Researchers from the University of Illinois Chicago (UIC) in collaboration with other institutions have shed light on why the anti-leukemia drug ponatinib harms the heart and propose a possible solution.
Chronic myeloid leukemia (CML) patients, for whom other treatments have failed, often turn to ponatinib—a tyrosine kinase inhibitor binding the bcr-abl kinase responsible for the disease. While there are three options of drugs for treating chronic myeloid leukemia, many patients are resistant to the other two, leaving ponatinib as their only choice.
However, the drug’s history includes a temporary withdrawal from the market in 2012 due to concerns about its effects on the heart after the rate of serious arterial thrombosis had increased to 11.8 percent in patients treated with ponatinib.
Reporting in Circulation Research, the scientists tried to understand how ponatinib affects the cells responsible for heart function, discovering that the drug triggers a defense mechanism in cells called the integrated stress response (ISR), which, if activated for too long, can cause cell death.
Despite its intended role as a kinase inhibitor, ponatinib unexpectedly activates GCN2, a key enzyme involved in energy transfer within cells, thereby kicking off the ISR cascade and leading to serious heart damage.
Armed with this newfound understanding, the researchers aimed to reduce ponatinib’s cardiotoxic effects by targeting the ISR. ISRIB, a small molecule inhibitor, emerged as a promising candidate in preclinical cell line and mouse studies, demonstrating the ability to protect heart cells from ponatinib-induced damage without compromising the drug’s anticancer efficacy.
“It protects the heart but at the same time, it still allows us to kill cancer cells,” said Sang Ging Ong, the study’s senior author and assistant professor of pharmacology and medicine at UIC.

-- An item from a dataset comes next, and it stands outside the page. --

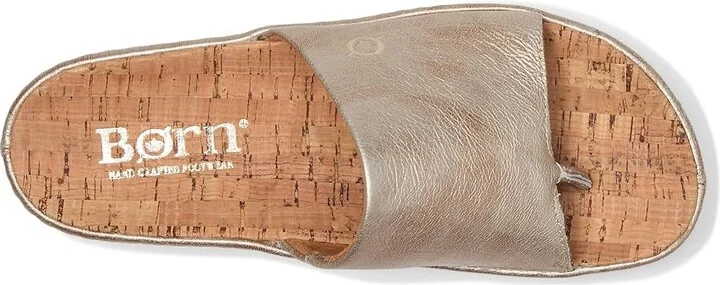 Born Sharr Women's Sandals Light Gold Panna Cotta : 9 M (B), Leather/Textile - Image 2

While more research is needed to confirm these findings in humans, this study offers hope for safer cancer treatments. According to the scientists it also suggests potential ways to protect the heart from damage caused by other drugs and diseases.
The researchers believe that the implications of this study extend beyond leukemia treatment, offering insights into the broader challenge of drug-induced cardiotoxicity. By understanding the mechanisms underlying ponatinib’s adverse effects on the heart and proposing a targeted intervention, Ong and his team are paving the way for future research aimed at mitigating cardiac risks associated with potent anticancer therapies.